§ Your instructions:
Return only that part of the material below which starts with the line containing "The next day" and goes on through the line containing "This is our", restated exactly.

§ Data provided:
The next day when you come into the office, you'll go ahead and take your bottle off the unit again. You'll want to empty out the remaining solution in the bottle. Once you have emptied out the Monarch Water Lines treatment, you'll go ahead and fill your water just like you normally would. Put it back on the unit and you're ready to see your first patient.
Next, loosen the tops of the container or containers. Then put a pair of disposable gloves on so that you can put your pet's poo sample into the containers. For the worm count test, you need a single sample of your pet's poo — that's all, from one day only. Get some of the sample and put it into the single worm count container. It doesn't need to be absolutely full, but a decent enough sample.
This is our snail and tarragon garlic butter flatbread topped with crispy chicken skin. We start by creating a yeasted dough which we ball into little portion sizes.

--

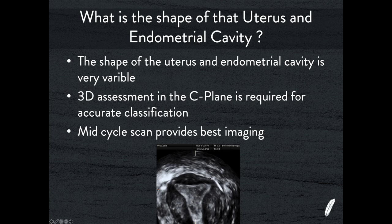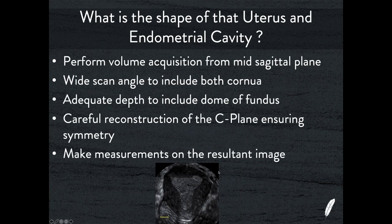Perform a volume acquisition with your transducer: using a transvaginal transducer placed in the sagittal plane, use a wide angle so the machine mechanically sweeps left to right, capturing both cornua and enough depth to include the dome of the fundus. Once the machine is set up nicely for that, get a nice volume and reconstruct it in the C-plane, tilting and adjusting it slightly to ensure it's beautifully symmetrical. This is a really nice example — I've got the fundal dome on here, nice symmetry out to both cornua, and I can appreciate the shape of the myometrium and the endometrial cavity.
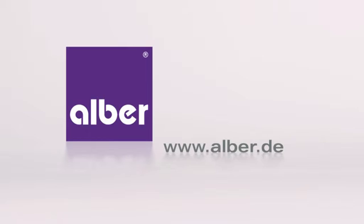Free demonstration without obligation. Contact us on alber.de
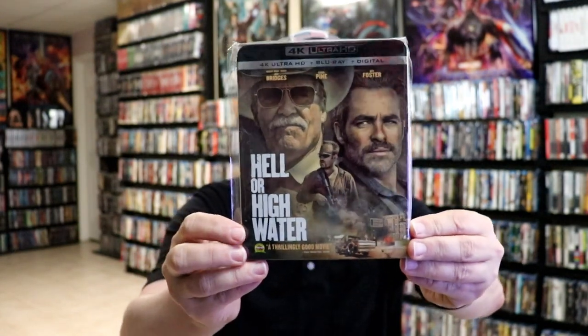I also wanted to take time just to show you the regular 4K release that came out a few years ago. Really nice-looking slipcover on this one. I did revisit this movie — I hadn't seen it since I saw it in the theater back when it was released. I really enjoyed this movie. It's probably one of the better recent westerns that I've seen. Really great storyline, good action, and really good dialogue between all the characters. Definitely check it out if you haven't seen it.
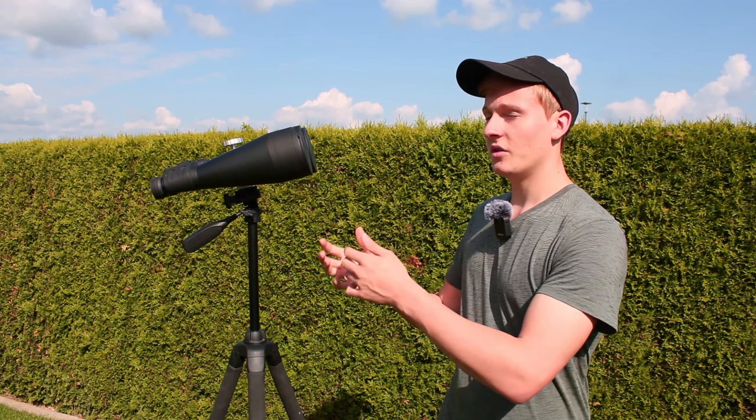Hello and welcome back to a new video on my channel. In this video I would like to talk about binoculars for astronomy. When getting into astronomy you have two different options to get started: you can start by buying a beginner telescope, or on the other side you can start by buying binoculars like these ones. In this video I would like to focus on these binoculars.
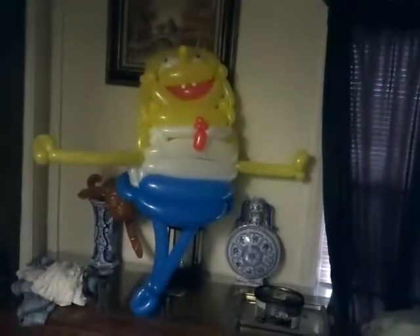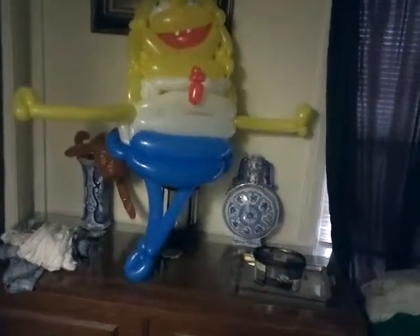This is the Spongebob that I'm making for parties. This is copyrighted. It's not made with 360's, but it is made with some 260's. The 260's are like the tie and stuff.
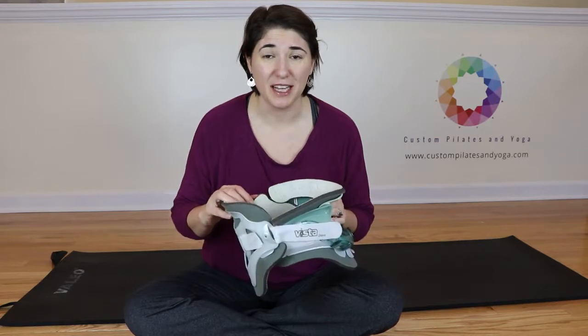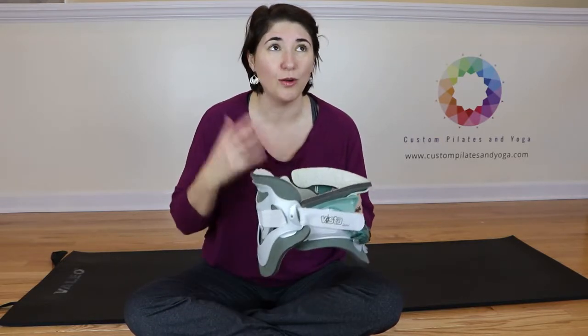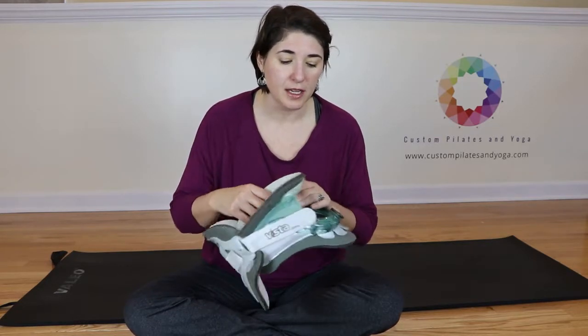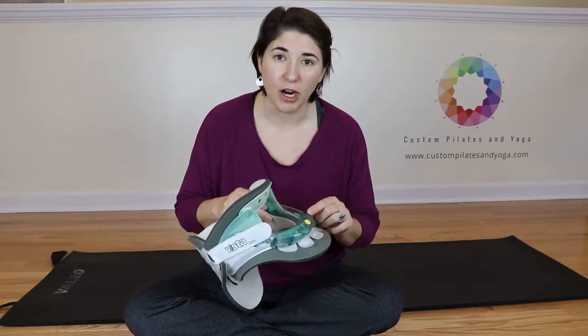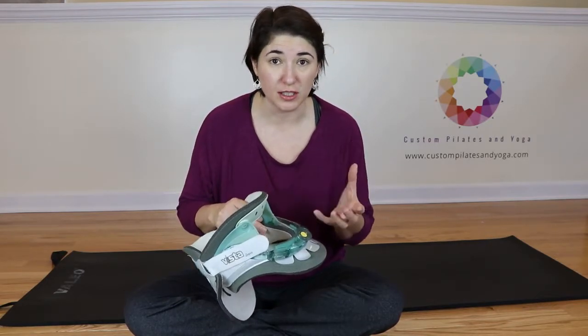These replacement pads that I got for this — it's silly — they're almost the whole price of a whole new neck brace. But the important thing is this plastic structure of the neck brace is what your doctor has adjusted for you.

§ Written response:
The next day when you come into the office, you'll go ahead and take your bottle off the unit again. You'll want to empty out the remaining solution in the bottle. Once you have emptied out the Monarch Water Lines treatment, you'll go ahead and fill your water just like you normally would. Put it back on the unit and you're ready to see your first patient.
Next, loosen the tops of the container or containers. Then put a pair of disposable gloves on so that you can put your pet's poo sample into the containers. For the worm count test, you need a single sample of your pet's poo — that's all, from one day only. Get some of the sample and put it into the single worm count container. It doesn't need to be absolutely full, but a decent enough sample.
This is our snail and tarragon garlic butter flatbread topped with crispy chicken skin. We start by creating a yeasted dough which we ball into little portion sizes.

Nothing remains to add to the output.